Não interessam os poemas que sabemos com o coração, os livros que lemos ou as músicas que conhecemos ao terceiro acorde, quando se está dentro de uma máquina, numa sala gelada e tudo o que reconhecemos como próprio é um par de meias tingidas que nos rouba a última réstia de dignidade.
Felizmente, tendemos a esquecer-nos disso. 

terça-feira, 6 de fevereiro de 2018

Esta noite africana

O dia pariu uma noite instantânea, africana.
Não sei de onde veio a pedra que atingiu a lâmpada.
Vi os cambiantes do dourado enegrecerem na sombra das minhas próprias mãos.
Não há dor mais inoportuna do que aquela que é de causa ignota. Essa dor traiçoeira que é uma traça de asas abertas pousada no vison que nos cobre o peito.
Quando abri os olhos havia, sob a noite densa, um buraco de malhas roídas.
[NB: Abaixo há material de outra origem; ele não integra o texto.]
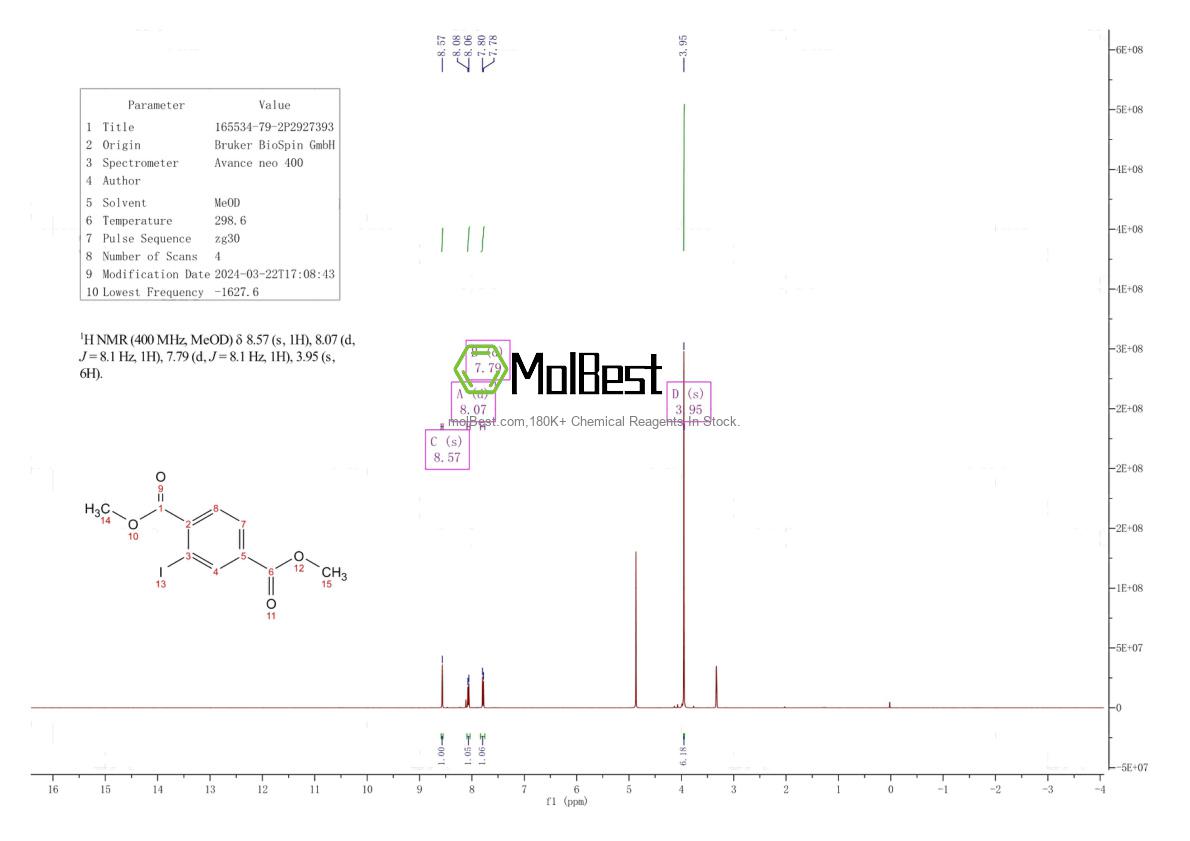 Physical sample testing spectrum (NMR) of 165534-79-2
segunda-feira, 5 de fevereiro de 2018

Destoriada

Tagik, o berbere contador de estórias, dormia a sono alto à entrada da tenda. 
Fizemos a longa viagem pelas areias do deserto em busca de uma estória. Não há na vida coisa mais valiosa do que uma boa estória. Teria de bom grado percorrido duas vezes a distância desta areia infinita e suportado as feridas que o sol do meio dia deixa na boca e as pontas dos dedos queimadas pelo frio da noite de estrelas, se, ao menos, tivesse encontrado Tagik acordado na sua tenda, de mão estendida para a minha moeda e olhos fixos para lá de onde nasce o vento, que é também o sítio de onde vêm as  boas histórias. 
Mas Tagik, o berbere contador de estórias, não acordou.
E eu regressei desta viagem, um pouco mais ferida, um pouco mais cansada, um pouco mais velha, com o bolso pesado pela moeda que, desta vez, a mão de Tagik não quis receber. 
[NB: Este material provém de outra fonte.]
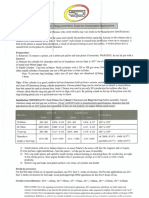 SPI instructions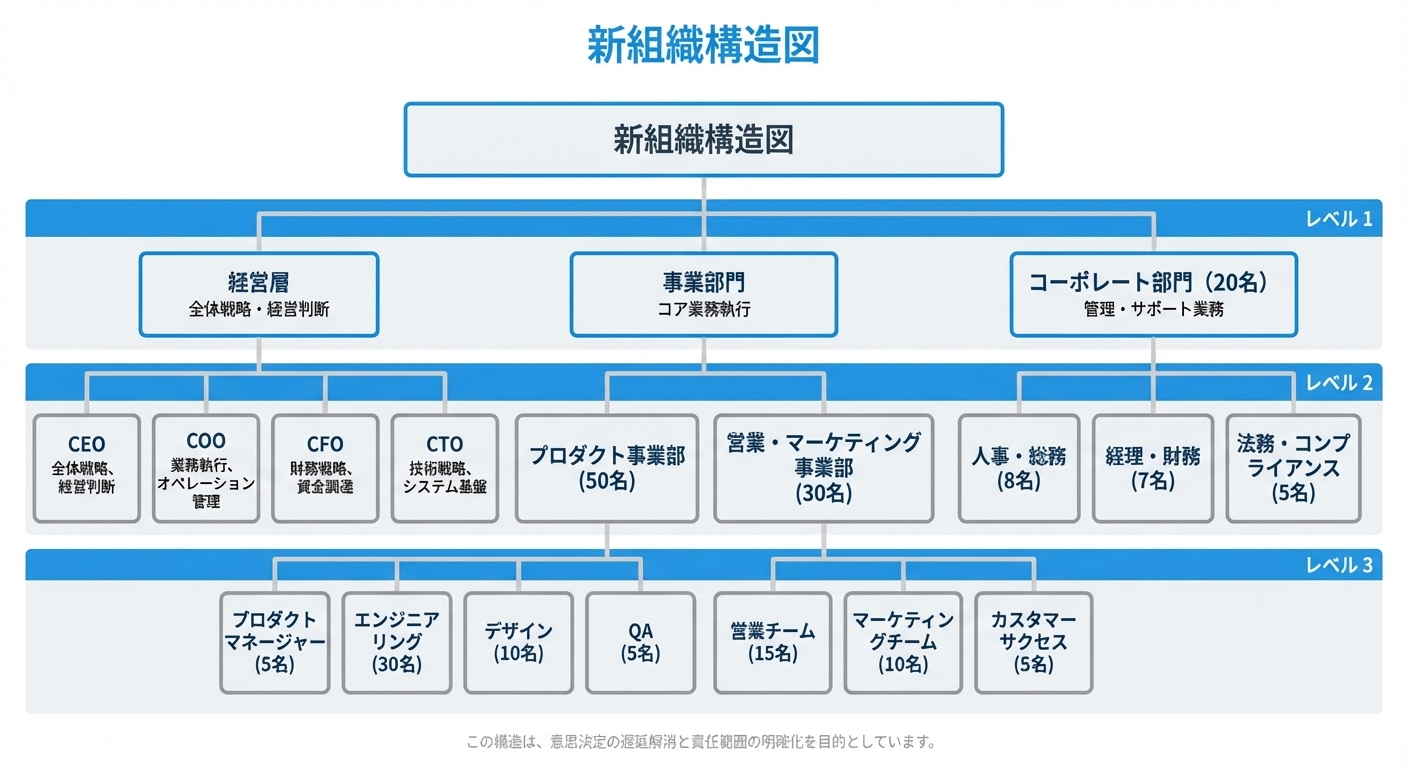 生成画像 #780050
domingo, 4 de fevereiro de 2018

Espelhos

Quando, por fim, puxei a ponta do lençol e descobri o espelho, enfrentei-me sem medo, esperança ou rancor numa moldura dourada. Nevegámos tantas milhas, passaram por nós tantas estações, foram tantas as albas que o espelho revelou-se incapaz de me reconhecer. 
É uma forma de liberdade.

sexta-feira, 2 de fevereiro de 2018

Moon-blue

Dir-se-ia que falhar a lua azul passou a ser um traço de personalidade.
A quinta lua veio. Foi azul e falhei-a.
Vi-a hoje, já alta, branca, desdenhosa.
Uma lua que nos lembra que não esperou, que não espera, que nunca esperará por nós.
Aprendi a minha lição:
Se houver uma lua sexta, azul, branca ou rosa, estarei sentada, junto ao rio, à espera que, para que eu tenha o privilégio de a viver, se deixe nascer do fim dos dias.

Elektra

Diz Clitemnestra à filha, Elektra, que não há demónios internos que não se libertem. É indispensável  é o sacrifício do sangue certo. Eu, que sei algumas coisas sobre demónios internos e sobre altares sacrificiais, digo-vos que assim é.
Uma alma liberta de demónios internos, espelha, sobretudo, o sangue que certeiramente sacrificou.
Do sangue inocente que no processo escorreu, é claro, não reza a história.